_WHAT YOU NEED TO DO_:
Write out the records below from the first line through the line containing "Snapshot of abynanami", leaving out any pictures.

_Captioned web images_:
# # # # #

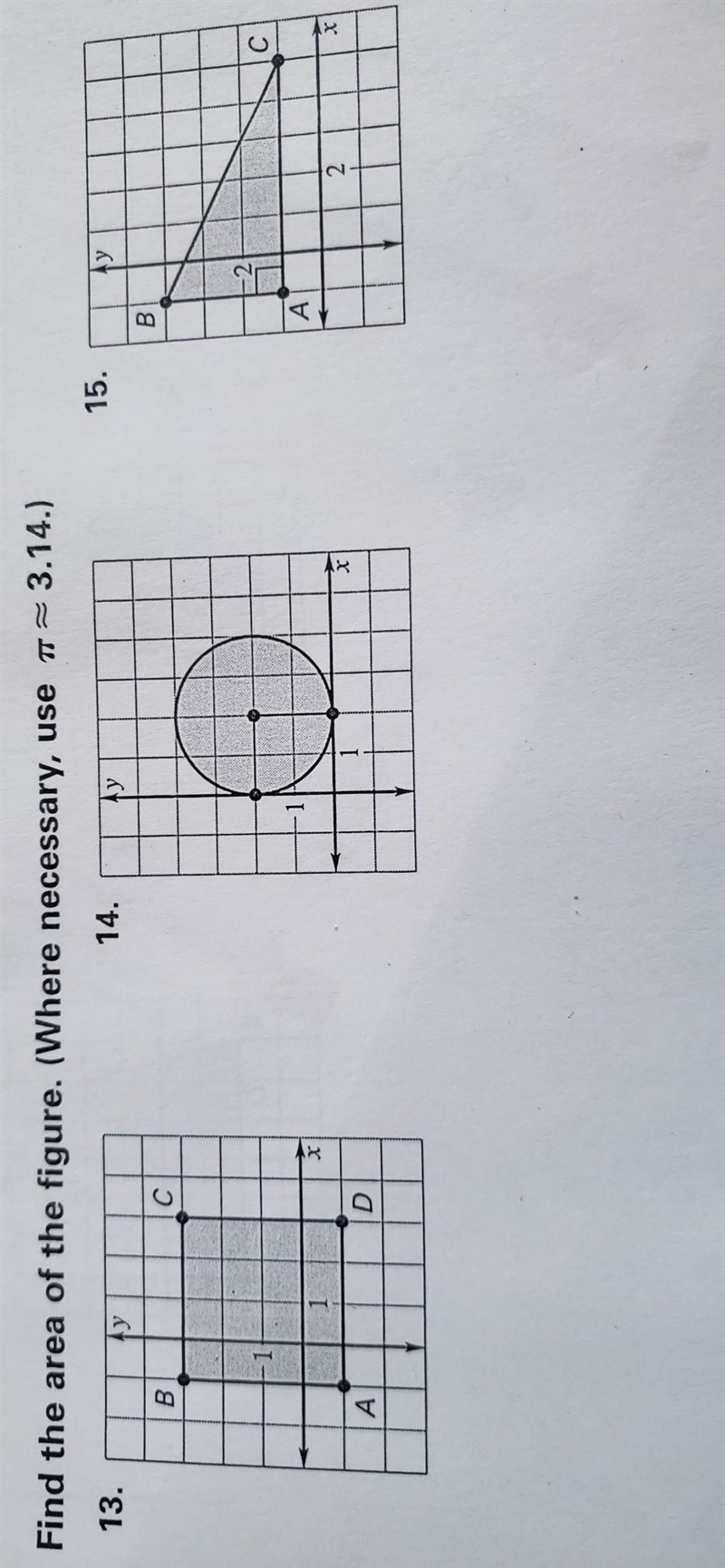 Can someone explain this to me , I'm behind in a lot of homework ​-example-1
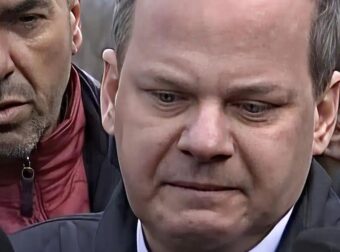 Δύσκολες ώρες για τον Κώστα Καραμανλή – Μόλις έγινε γνωστό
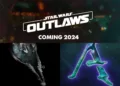 best upcoming games in 2024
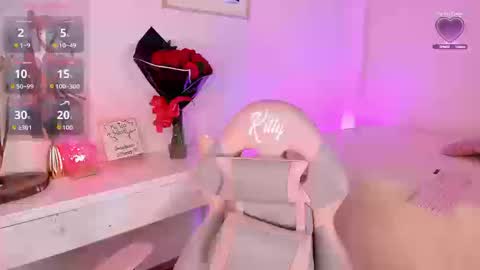 Snapshot of abynanami chatting on 09-25-25, 10:46 Abynanami online show from 09-25-25, 10:46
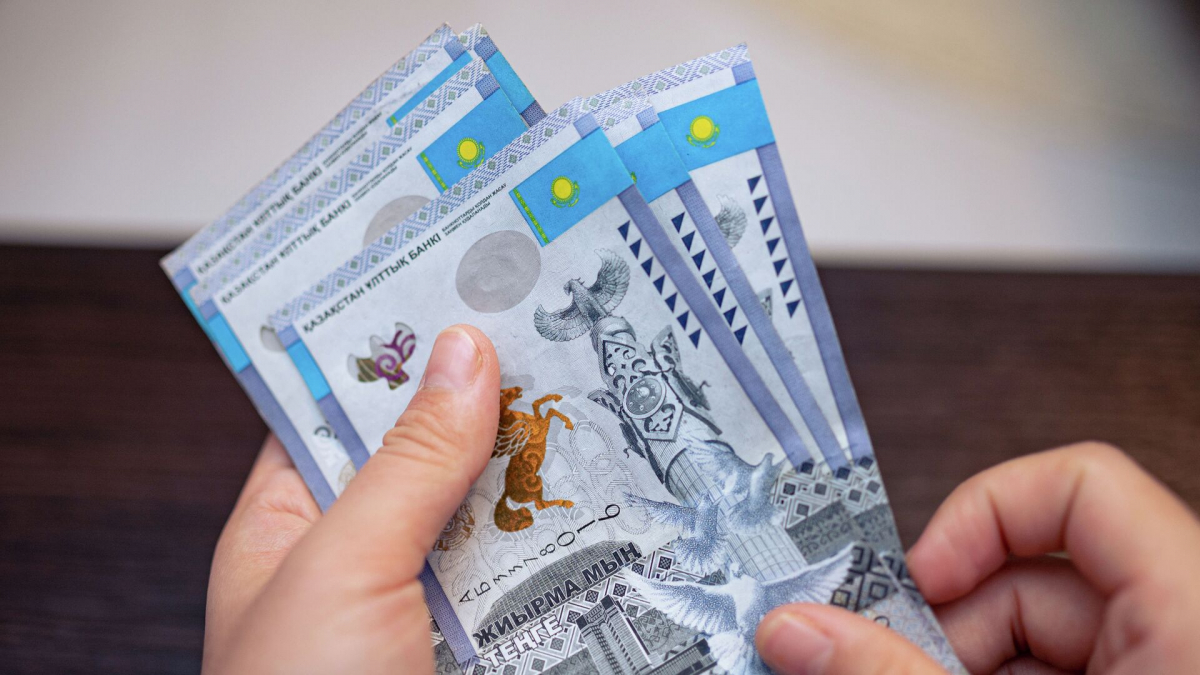 Жасөспірімді зорлау ісі бойынша ақталып шыққан әйелге өтемақы төленеді
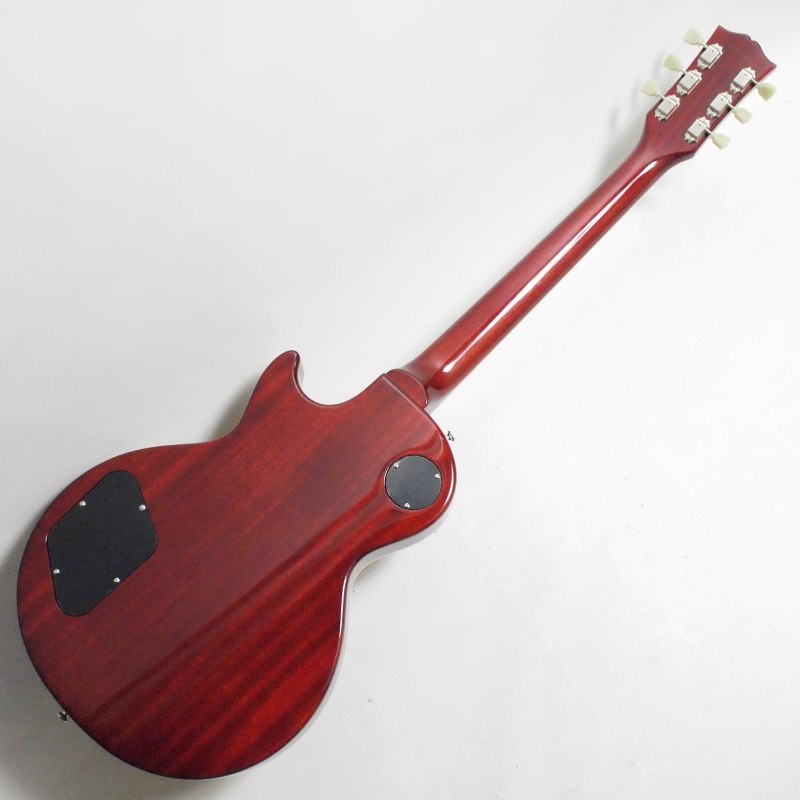 TOKAI LS-101F VF(Violin Finish) ���쥭������ 4.32kg�ҥȡ����� ��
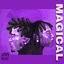 Cover Magical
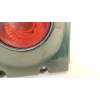 PILOTO TRASERO DERECHO 35526R 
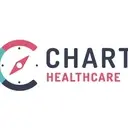 Logo of Charter Health Care ( San Diego)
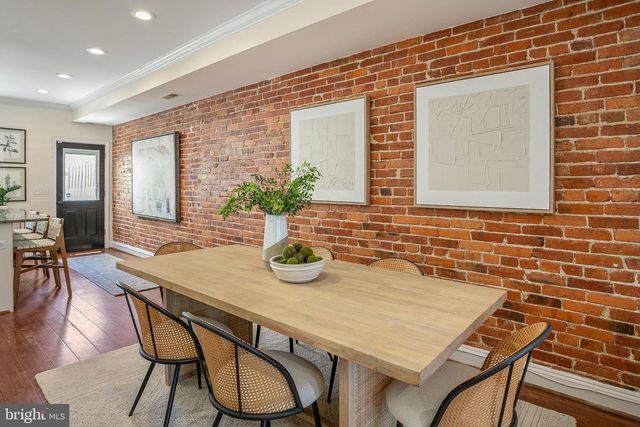 649 ORLEANS PL NE, Washington, DC 20002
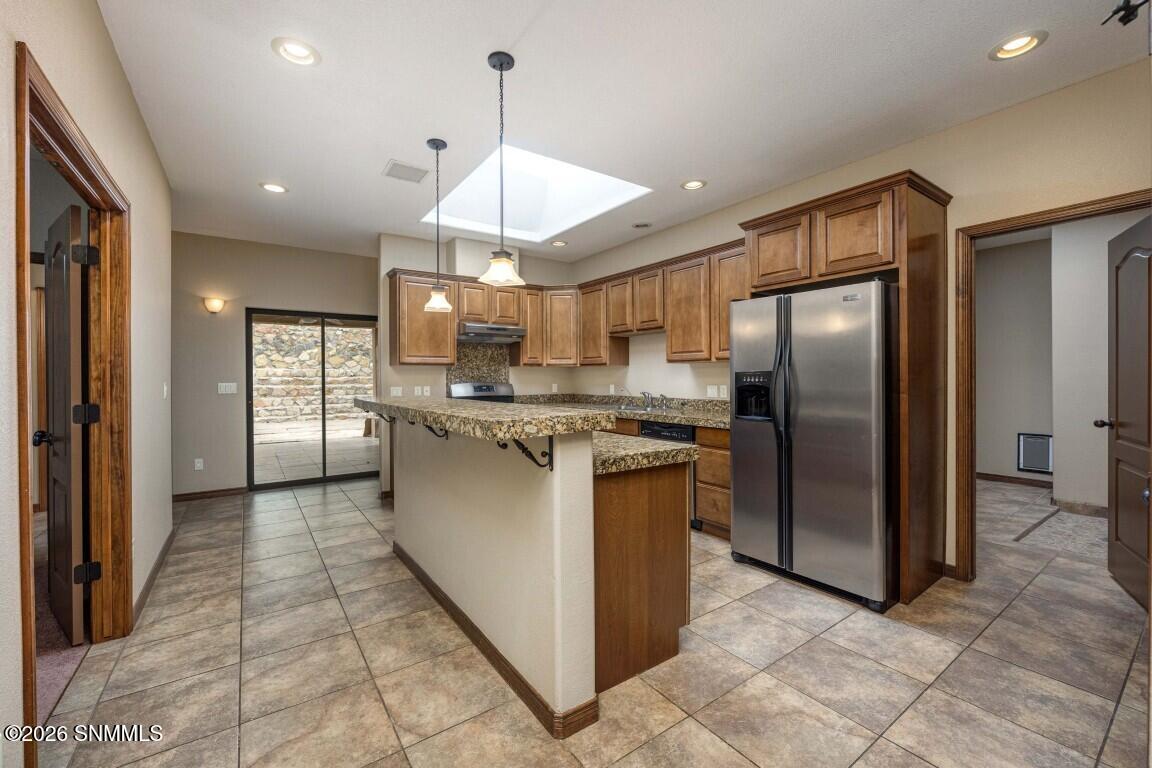 12-web-or-mls-Snappin Homes (Ascencion37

# # # # #

_YOUR RESPONSE_:
 Can someone explain this to me , I'm behind in a lot of homework ​-example-1
 Δύσκολες ώρες για τον Κώστα Καραμανλή – Μόλις έγινε γνωστό
 best upcoming games in 2024
 Snapshot of abynanami chatting on 09-25-25, 10:46 Abynanami online show from 09-25-25, 10:46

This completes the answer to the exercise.